Problem to work on: Give the data again exactly, without images.

The data:
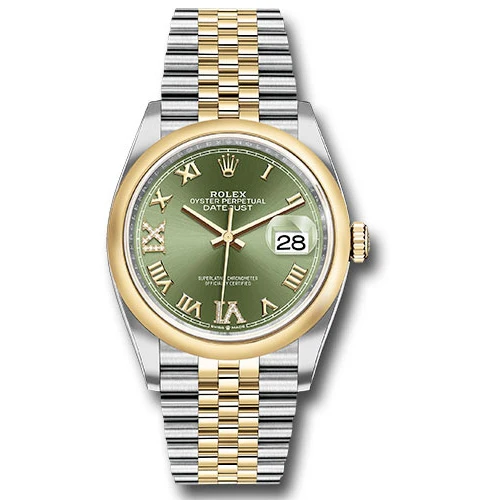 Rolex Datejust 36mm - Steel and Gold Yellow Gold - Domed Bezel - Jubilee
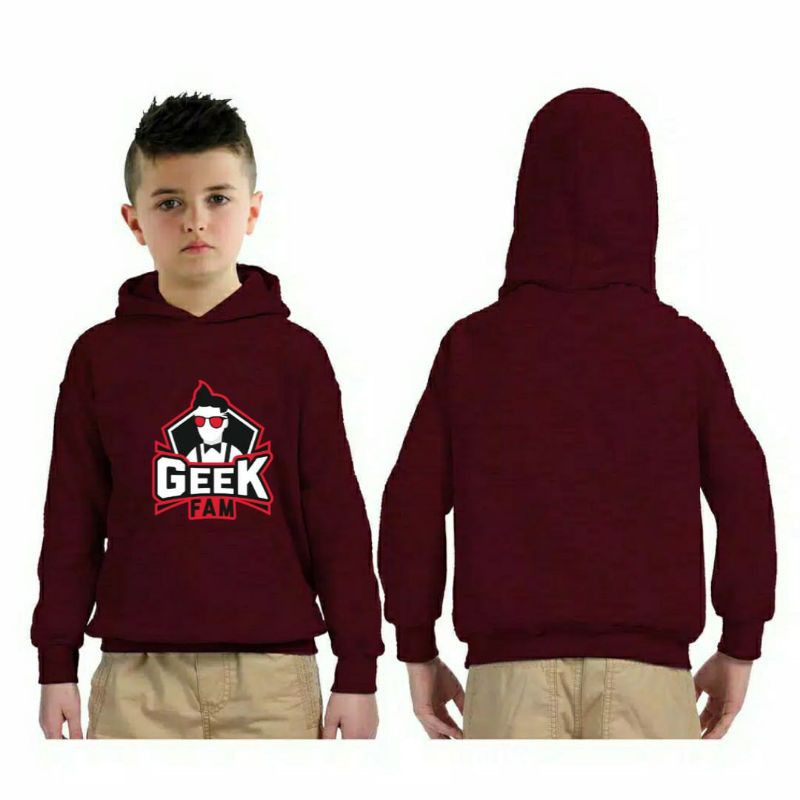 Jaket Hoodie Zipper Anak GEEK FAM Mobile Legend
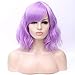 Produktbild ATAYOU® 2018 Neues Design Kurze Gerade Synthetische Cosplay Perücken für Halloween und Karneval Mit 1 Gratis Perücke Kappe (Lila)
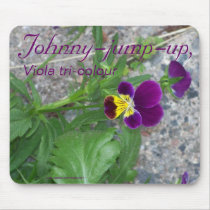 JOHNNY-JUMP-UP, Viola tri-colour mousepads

Answer to the exercise:
 Rolex Datejust 36mm - Steel and Gold Yellow Gold - Domed Bezel - Jubilee
 Jaket Hoodie Zipper Anak GEEK FAM Mobile Legend
 Produktbild ATAYOU® 2018 Neues Design Kurze Gerade Synthetische Cosplay Perücken für Halloween und Karneval Mit 1 Gratis Perücke Kappe (Lila)
 JOHNNY-JUMP-UP, Viola tri-colour mousepads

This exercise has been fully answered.